Answer: Father's genotype - Aa; mother - Aa; Rose - Aa; Alla - AA; the sister of Rosa and Alla, who does not suffer from night blindness, has the genotype - aa; another sister and brother - AA or Aa; all Alla's children are Aa; Rose's children who do not suffer from night blindness - aa, son - Aa.

Graphic representation of the pedigree of Rose and Alla.

IV. Summing up the lesson

Human genetics is one of the most rapidly developing branches of science. It is the theoretical basis of medicine and reveals the biological basis of hereditary diseases.

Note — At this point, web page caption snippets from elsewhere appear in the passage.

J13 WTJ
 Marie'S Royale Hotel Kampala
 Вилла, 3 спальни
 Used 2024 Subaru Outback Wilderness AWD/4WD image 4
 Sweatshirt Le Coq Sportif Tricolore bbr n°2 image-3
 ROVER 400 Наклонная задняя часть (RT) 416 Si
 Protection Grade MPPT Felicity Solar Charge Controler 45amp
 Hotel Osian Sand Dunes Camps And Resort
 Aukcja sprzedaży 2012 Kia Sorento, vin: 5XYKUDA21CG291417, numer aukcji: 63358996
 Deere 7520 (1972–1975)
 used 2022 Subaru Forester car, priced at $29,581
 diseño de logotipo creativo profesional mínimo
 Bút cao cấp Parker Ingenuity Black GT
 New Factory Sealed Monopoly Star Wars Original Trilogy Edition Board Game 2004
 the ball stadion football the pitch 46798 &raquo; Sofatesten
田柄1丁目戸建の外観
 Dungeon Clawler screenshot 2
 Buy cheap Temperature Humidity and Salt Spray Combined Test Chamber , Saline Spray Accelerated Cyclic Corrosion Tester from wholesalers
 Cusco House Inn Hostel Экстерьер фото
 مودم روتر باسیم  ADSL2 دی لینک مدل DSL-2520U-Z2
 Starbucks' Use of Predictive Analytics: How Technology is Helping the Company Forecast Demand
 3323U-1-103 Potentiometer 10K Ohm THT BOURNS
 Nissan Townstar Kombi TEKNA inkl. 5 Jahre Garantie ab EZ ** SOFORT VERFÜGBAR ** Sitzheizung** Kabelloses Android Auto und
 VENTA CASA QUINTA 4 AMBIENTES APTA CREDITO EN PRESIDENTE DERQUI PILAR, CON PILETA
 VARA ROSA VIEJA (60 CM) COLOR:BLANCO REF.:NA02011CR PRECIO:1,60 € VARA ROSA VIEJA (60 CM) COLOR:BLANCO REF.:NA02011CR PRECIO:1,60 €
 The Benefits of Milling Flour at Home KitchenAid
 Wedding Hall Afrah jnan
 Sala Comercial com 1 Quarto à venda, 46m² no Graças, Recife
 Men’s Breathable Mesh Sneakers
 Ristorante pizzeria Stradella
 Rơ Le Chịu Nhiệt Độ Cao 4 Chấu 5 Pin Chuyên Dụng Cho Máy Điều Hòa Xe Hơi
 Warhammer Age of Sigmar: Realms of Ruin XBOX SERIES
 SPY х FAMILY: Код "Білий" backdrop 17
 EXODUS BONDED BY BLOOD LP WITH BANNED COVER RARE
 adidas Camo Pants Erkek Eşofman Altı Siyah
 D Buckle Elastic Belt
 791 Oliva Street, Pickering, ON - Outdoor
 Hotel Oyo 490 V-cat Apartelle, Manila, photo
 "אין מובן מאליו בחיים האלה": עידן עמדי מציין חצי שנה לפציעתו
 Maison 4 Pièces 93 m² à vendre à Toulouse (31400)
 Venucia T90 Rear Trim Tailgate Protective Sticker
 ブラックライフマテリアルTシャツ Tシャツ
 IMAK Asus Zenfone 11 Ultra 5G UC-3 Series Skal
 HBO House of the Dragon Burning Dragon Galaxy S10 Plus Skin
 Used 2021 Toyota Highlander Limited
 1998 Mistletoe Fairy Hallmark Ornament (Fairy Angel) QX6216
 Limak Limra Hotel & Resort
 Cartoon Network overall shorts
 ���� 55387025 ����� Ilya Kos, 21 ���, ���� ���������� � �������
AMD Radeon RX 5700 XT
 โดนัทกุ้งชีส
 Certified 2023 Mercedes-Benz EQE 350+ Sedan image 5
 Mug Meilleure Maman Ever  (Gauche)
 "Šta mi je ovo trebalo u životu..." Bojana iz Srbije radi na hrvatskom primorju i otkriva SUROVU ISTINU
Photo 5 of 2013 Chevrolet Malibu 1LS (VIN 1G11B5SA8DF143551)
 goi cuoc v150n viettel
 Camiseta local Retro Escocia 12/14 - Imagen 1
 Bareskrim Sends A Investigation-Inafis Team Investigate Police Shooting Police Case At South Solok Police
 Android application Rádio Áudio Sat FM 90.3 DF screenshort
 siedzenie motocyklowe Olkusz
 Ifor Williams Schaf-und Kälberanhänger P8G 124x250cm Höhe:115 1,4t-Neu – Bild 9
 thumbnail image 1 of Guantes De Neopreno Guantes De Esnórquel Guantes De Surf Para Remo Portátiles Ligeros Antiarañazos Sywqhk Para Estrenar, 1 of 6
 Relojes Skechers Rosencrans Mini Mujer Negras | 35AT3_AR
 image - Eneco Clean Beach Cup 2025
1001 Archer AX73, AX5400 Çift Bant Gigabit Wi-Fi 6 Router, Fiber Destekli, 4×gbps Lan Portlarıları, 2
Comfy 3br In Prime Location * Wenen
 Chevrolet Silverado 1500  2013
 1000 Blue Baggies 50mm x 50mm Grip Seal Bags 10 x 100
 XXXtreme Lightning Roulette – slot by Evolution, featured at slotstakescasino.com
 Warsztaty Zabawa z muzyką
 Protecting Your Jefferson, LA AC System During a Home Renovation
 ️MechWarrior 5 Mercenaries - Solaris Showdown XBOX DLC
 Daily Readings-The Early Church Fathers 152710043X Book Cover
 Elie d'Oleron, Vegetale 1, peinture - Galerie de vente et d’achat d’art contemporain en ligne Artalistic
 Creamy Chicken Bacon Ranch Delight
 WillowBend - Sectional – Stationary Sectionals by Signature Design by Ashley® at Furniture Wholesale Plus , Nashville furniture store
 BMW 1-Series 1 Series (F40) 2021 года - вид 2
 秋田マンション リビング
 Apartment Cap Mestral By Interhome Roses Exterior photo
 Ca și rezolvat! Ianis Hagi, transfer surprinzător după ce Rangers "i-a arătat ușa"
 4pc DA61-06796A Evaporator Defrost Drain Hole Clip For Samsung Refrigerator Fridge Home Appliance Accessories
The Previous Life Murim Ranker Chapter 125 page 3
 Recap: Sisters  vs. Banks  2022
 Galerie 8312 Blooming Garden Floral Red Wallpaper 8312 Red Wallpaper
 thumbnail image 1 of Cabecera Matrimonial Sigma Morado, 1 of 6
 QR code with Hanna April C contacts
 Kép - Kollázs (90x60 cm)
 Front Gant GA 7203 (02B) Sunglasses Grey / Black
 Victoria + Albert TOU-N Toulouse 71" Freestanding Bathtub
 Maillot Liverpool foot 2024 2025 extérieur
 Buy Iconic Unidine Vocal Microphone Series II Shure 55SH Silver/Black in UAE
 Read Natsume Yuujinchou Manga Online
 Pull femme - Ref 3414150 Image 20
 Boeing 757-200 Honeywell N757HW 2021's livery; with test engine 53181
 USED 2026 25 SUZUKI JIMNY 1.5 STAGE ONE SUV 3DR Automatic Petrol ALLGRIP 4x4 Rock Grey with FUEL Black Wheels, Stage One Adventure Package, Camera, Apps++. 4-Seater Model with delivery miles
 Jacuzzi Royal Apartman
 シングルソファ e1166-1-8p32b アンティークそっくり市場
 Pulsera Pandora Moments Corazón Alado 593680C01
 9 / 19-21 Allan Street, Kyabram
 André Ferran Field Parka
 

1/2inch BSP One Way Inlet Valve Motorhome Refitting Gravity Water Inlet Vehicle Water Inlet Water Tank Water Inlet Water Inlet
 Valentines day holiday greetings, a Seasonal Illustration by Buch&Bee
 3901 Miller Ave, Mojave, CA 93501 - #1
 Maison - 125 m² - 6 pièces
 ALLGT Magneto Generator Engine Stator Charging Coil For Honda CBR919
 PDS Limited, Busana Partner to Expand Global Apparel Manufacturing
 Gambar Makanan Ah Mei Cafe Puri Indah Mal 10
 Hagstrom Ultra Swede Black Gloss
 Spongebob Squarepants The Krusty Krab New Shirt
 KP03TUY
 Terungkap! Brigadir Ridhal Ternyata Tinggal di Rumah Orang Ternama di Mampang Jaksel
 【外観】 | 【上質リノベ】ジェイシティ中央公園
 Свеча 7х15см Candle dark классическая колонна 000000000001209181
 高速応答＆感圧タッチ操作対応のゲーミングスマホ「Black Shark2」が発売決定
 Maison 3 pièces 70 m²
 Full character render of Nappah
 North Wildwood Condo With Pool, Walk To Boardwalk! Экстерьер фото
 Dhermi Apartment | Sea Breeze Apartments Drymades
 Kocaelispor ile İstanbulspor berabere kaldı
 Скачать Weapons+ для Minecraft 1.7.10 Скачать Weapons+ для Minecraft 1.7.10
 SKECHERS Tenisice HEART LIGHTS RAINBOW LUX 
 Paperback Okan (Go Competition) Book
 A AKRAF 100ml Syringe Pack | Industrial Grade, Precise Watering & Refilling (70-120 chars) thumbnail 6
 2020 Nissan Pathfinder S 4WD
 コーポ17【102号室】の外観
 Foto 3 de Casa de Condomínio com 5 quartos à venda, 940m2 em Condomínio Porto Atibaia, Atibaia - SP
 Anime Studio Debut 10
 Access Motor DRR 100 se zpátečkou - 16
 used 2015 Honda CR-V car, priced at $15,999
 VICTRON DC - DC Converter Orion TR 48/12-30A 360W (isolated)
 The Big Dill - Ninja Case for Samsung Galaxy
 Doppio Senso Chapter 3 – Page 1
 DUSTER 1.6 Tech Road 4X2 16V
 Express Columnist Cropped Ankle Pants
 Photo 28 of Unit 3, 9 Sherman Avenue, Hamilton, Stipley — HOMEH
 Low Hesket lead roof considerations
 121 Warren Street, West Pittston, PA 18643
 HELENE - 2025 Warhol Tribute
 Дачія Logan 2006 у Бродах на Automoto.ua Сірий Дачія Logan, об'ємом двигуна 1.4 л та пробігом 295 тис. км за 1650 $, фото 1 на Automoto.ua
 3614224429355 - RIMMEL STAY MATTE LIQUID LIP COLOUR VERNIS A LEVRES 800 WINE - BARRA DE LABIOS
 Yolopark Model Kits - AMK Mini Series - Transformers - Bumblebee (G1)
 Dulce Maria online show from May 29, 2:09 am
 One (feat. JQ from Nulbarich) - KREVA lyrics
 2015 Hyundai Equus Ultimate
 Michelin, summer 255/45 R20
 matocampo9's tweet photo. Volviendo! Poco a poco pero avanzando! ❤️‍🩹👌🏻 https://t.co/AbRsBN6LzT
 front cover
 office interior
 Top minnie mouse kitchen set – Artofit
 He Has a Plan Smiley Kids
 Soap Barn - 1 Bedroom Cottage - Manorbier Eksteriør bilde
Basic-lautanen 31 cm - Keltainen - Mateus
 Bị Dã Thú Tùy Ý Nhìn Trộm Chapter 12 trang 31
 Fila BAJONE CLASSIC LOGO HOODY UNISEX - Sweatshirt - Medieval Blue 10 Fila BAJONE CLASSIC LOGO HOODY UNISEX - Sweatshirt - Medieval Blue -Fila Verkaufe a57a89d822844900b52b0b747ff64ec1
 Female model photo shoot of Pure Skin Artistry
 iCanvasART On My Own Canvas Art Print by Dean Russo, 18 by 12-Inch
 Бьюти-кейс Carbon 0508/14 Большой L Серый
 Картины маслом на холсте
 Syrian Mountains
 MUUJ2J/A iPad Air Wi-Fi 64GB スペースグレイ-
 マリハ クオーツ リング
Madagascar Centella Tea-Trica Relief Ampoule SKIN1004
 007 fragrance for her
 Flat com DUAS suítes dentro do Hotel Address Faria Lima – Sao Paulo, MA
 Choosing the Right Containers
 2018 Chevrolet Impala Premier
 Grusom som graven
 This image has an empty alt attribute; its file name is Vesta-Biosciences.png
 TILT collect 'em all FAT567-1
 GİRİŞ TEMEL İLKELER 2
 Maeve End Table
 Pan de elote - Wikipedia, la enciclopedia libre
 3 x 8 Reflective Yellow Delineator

Knowledge of the genetic nature of diseases makes it possible to make an accurate diagnosis in time and carry out the necessary treatment, preventing the birth of sick children. In the next lesson we will talk about social problems of human genetics. Now let's summarize the lesson. Please hand in your score sheet.

V. Homework

P. 35, creative works on human genetics (abstracts, messages, newspapers, bulletins, video clips).

Application

Literature

1. Biology: Textbook for medical students. school/ V.N. Yarygin-M. Humanit. ed. VLADOS center, 2001.
2. We are preparing for the Unified State Exam. General biology./V.N. Frosin, V.I. Sivoglazov. -M.: Bustard. 2004.
3. Problem book on general and medical genetics./N. V. Helevin, -M.: Higher School, 1976.
4. General biology. Textbook for 10-11 grades of secondary school / D.K. Belyaev, G.M. Dymshits, - M.: Education, 2005.
5. General biology. A textbook for grades 10-11 with in-depth study of biology at school./ V.K. Noisy, G. M. Dymshits, A. O. Ruvinsky, - M.: Education, 2001.